▶ Task directions:
Task for the records below: copy exactly, and only, the line containing "Sea Charm Blue Pendant Necklace" and every line after it to the end, with pictures left out.

* * * * *

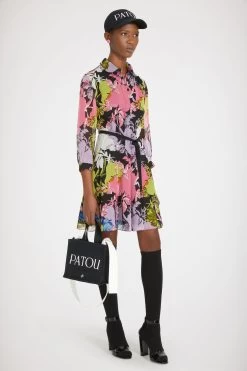 Floral Skater Dress In Silk Muslin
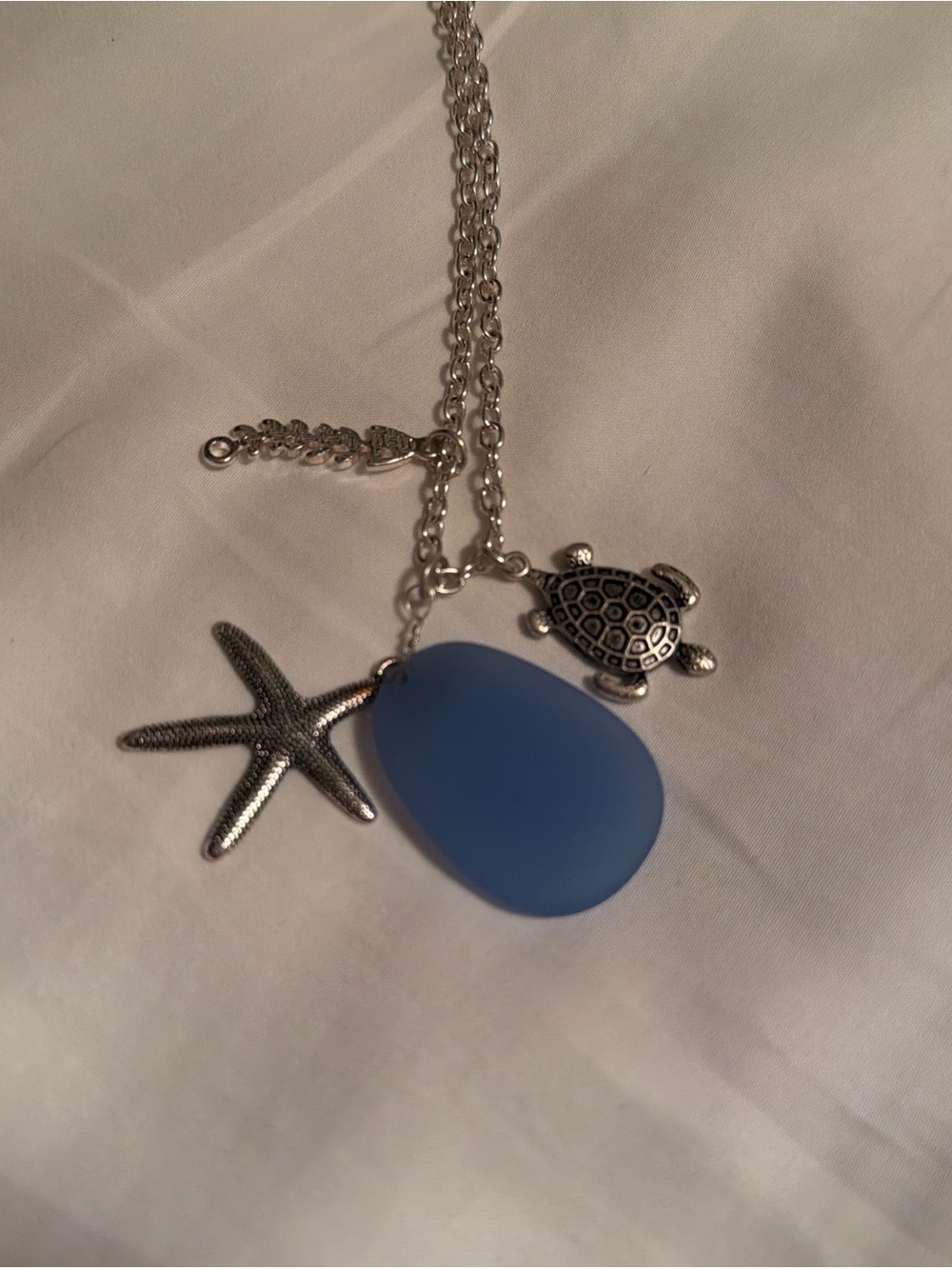 Sea Charm Blue Pendant Necklace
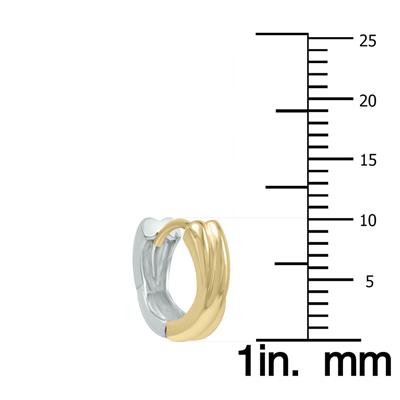 10K Two-Toned Endless Huggie Hoop Earrings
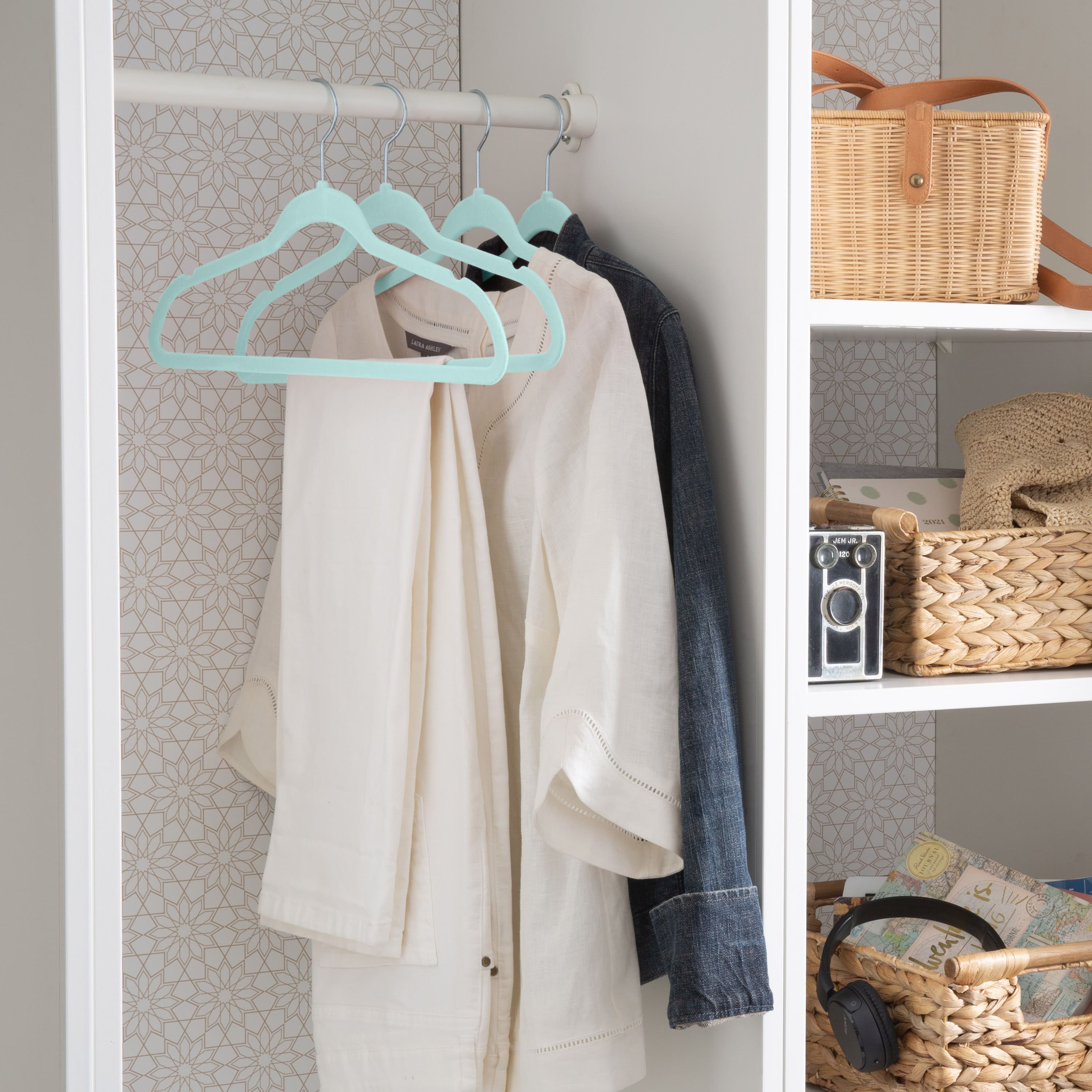 Simplify Super Slim Velvet Hangers with Gold Hook, 10ct.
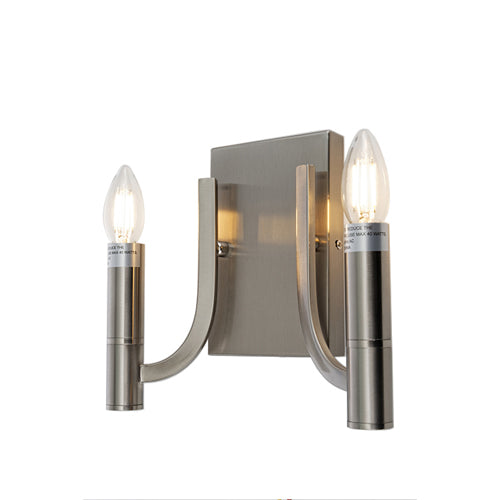Theory Curved Arm Candle Wall Sconce Light in Brushed Nickel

* * * * *

▶ Written answer:
 Sea Charm Blue Pendant Necklace
 10K Two-Toned Endless Huggie Hoop Earrings
 Simplify Super Slim Velvet Hangers with Gold Hook, 10ct.
Theory Curved Arm Candle Wall Sconce Light in Brushed Nickel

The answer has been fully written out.